There are also three places further east along the River that are as follows:
P Cluster size = 1; TV Cluster size = 1; Cluster Strength = 1,
Their identifications are (from east to west)
- The Forest,
- Turkey Island
These places can serve as connectors or links (nodes) between the interior and the east coast bay entrance. They can impact in-migrating ships, and represent a linear or radial diffusion process. For diseases migrating out along James River, for example for an endemic disease natural to the mid- to farwest-Virginia setting, these may be the connection needed to reach coastline communities and larger urban settings.
- Cluster Strength x Population rank index
- Cluster Strength x Population rank index x Karst score ( 1 or 2)
Without Karst [with karst]:
- Area 1 – Monticello. 14 x 3 = 42. 
- Area 2 – Willis Creek. 2 x 9 = 18. 
- Area 3 – Indian Camp. 12 x 15 = 180. 
- Area 4 – Limestone. 1 x 3 = 3. 
- Area 5 – Judith’s Creek. 8 x 3 = 24. 
- Area 6 – Natural Bridge. 1 x 1 or 2 = 1 or 2. [1 or 2]
According to the above scores, with or without karst topography considered, Area 3 – Indian Camp is the most likely place for an epidemic to develop, followed by Judith’s Creek. Monticello and Judith’s Creek are fairly close in risk, but some hierarchical impacts are seen, since the route for the disease to Monticello never had an influence. Proximity to Jefferson’s family made for cleaner workspaces.
A review of Jefferson’s history usually describes the Monticello area in detail, with descriptions very much necessary due to his political positions throught life-his Monticello properties were very tidy.
The furthest place from his abode was Indian Camp and its neighbors, and this is possibly where maintaining order was a problem. (Where did his rebellious slaves, whom were executed, live?). By water, the distance to this site is twice as far as Judith’s Creek.
The addition features about Judith Creek that seem to reduce the likelihood for disease include its physiographic features; it is on the edge of a region where topography and weather patterns can influence the local ecology and in turn change the disease patterns.

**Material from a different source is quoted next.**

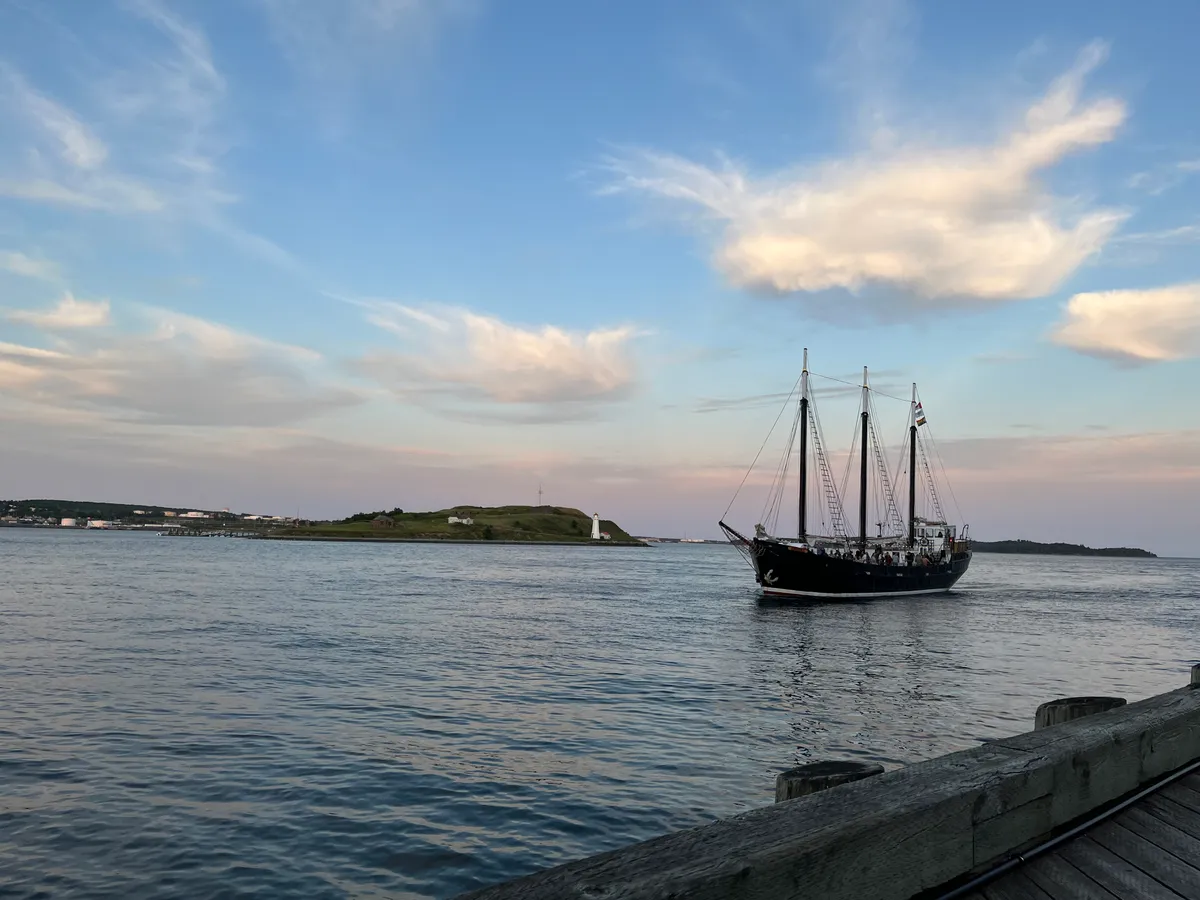 Visitor Center Terra Nova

Between Indian Camp and Judith’s Creek, Indian Camp is the most likely place to have this problem, based upon logic as well as the indices calculated above.
We can also ecologically model the ringworm based upon the initial discovery that Eupatorium has some ecological behavior that related to James River Ringworm. This link between plants and disease is an older theory already well promoted by Homann’s work in 1720, and continued through the next decades and century becoming a part of the medical botany philosophy for the time in United States history.

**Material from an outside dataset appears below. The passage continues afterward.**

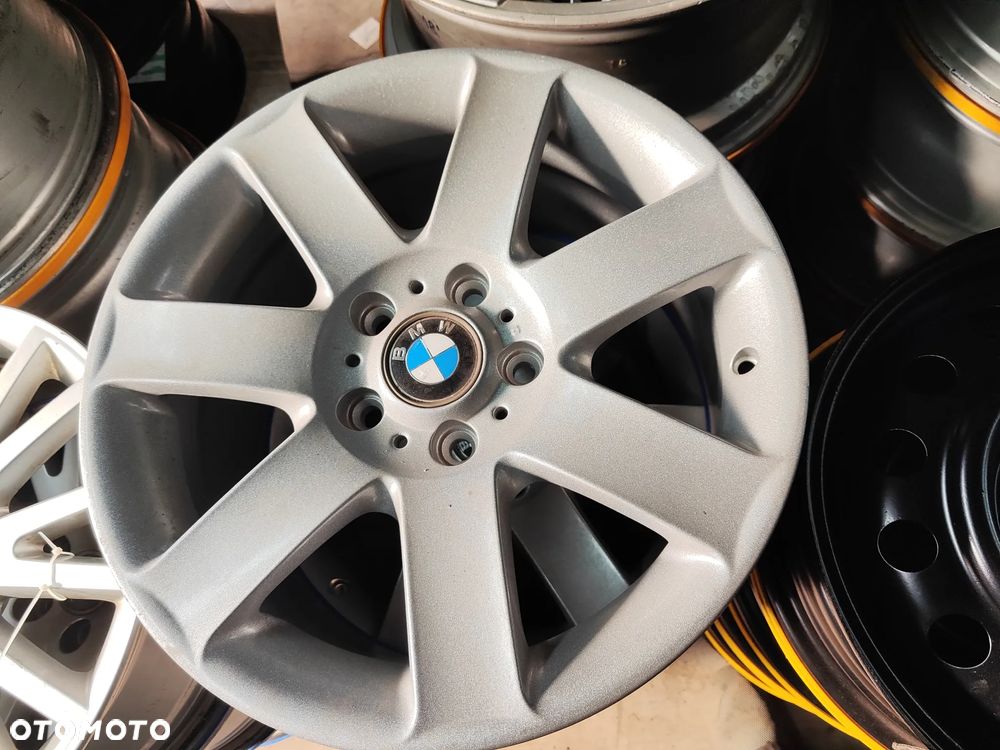 Felgi aluminiowe BMW 17 cali - 1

Eupatorium lives in a region that extends well north of James River, into temperate regions that tend to be much colder. But as 18th or early 19th century medical topographers we would know that Eupatorium alone does not tell us where to expect this ringworm problem to erupt, it only serves as an indicator such a problem could happen. As taught by Hoffman, Valentin and others, we next have to rely upon latitude requirements for the diseases and the related seasonal temperature and humidity requirements, to better understand its spatial distribution. Finally, in order of their addition to the medical geography theories popular during the 1800s, it helps to consider such natural features as geology, pedology, phytoecology, zooecology and even solar aspect with the land surface to best define the most likely regions to be impacted.
In more recent decades, Russian geographers have mentioned the impoprtance of knowing the distribution of animal vectors. In the case of the disease in the farwestern country, we might even anticipate this to be the case if the circumstances are right, such as a ringworm coming off of a bear, moose, deer or even horse and subsequently infecting people. If this ringworm were born from the wild, we would have to consider where the animal vectors of its zoonotic version exist in the wilderness, and overlap with the edges of the pioneer and early industrial settings. This classic Pavlovsky-Voronov interpretation of the disease provides us with a fairly detailed disease mapping project, all to determine the ultimate human ecology cause, result and means for prevention.
We are left to produce a disease migration model that is anthroponotic in nature. Just how do population density and peoples’ biology and behaviors effect the flow of this disease. If people are an important part of this picture, the cause-effect relationship turns its focus on the slave population and their employers and business associates. In other words, a demographic approach has to be taken to analyzing this disease, ecology and all. If the clues continue to point to mostly the local animals, wild or not, then we are dealing mostly with just the ecological picture of its history.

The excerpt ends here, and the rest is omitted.